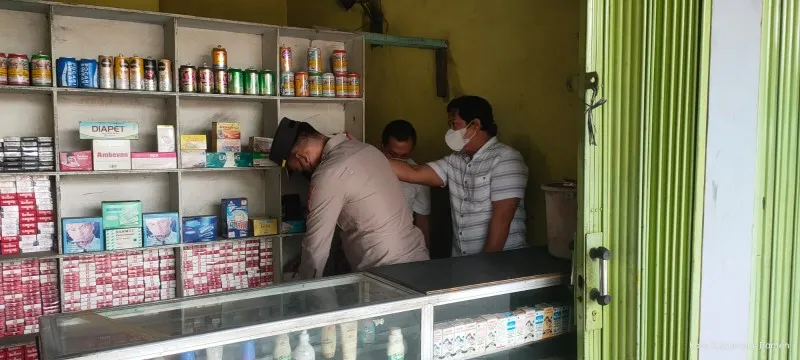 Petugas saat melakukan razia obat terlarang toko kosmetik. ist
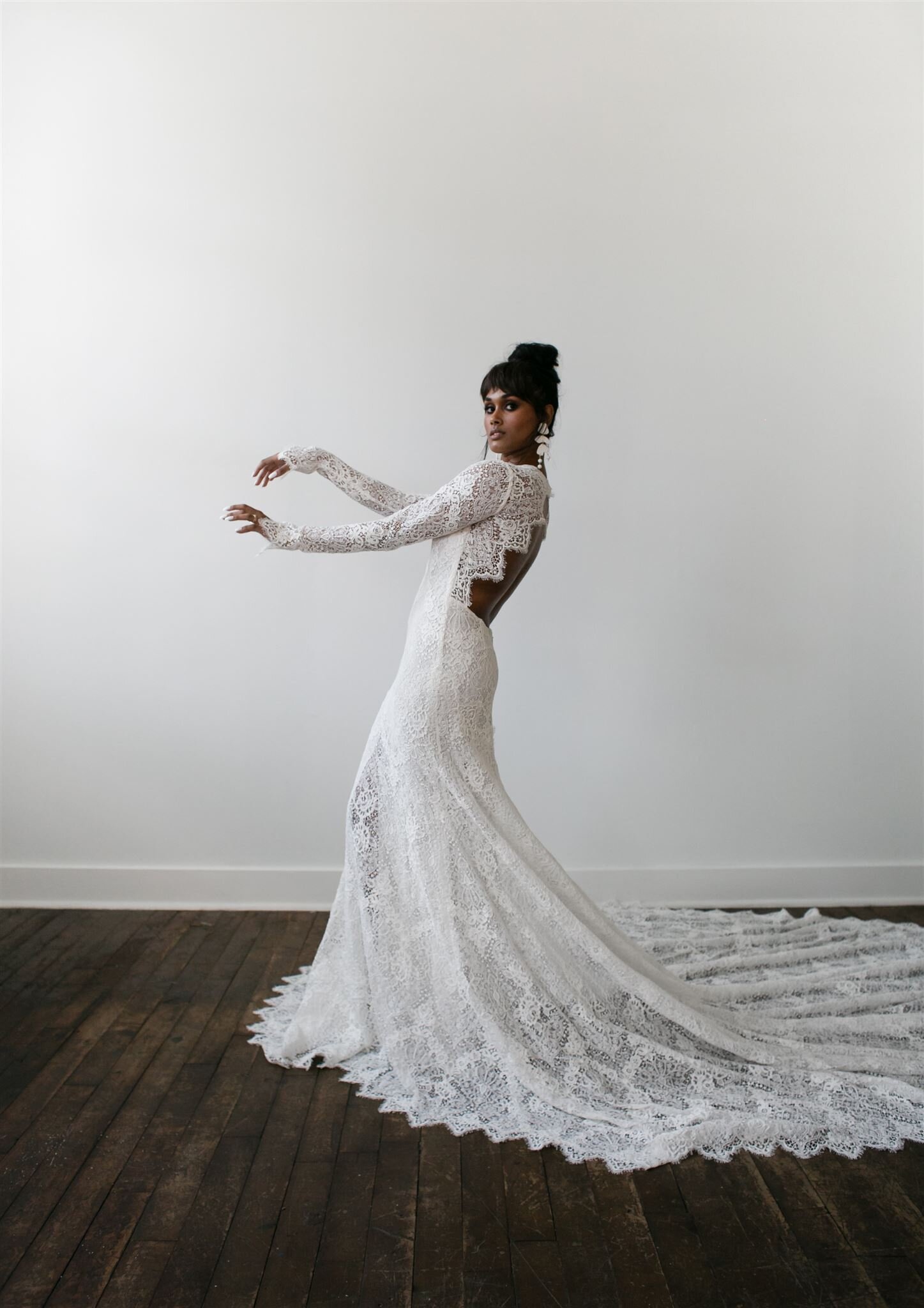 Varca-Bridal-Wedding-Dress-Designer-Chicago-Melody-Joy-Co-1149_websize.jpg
==
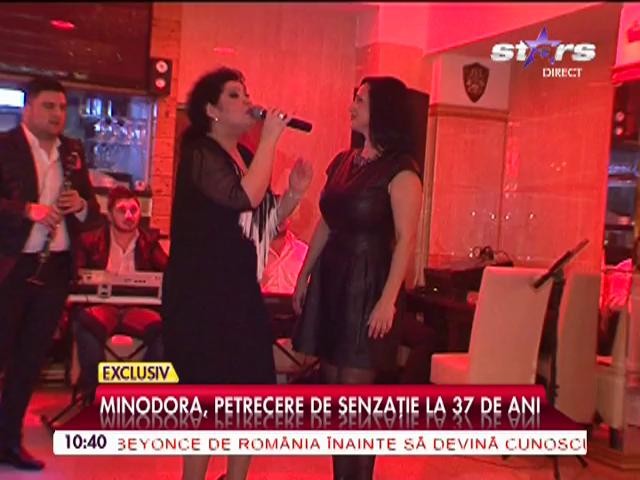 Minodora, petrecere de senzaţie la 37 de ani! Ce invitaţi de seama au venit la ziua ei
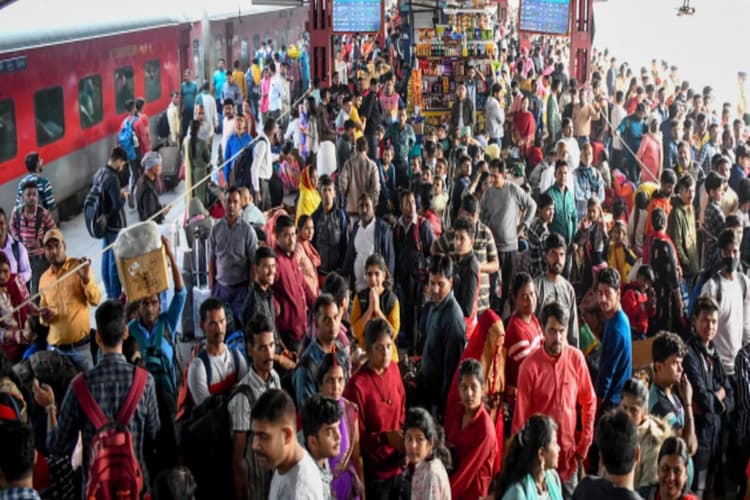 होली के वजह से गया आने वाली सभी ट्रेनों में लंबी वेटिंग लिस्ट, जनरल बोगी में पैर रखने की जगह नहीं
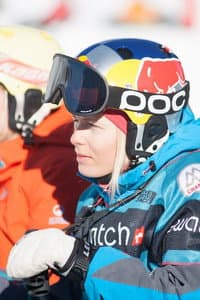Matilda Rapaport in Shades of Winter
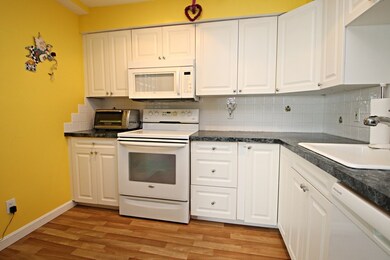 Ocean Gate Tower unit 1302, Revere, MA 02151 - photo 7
...
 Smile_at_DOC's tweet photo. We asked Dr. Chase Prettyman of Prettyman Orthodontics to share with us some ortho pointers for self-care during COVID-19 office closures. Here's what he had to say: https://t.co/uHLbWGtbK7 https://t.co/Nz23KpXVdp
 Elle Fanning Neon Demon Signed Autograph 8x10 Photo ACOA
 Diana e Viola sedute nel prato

### What the task requires
Line for line, output the entries above from the line with "होली के वजह" to the line with "Ocean Gate Tower", both included, and nothing more. Skip pictures.

### Your solution
 होली के वजह से गया आने वाली सभी ट्रेनों में लंबी वेटिंग लिस्ट, जनरल बोगी में पैर रखने की जगह नहीं
Matilda Rapaport in Shades of Winter
 Ocean Gate Tower unit 1302, Revere, MA 02151 - photo 7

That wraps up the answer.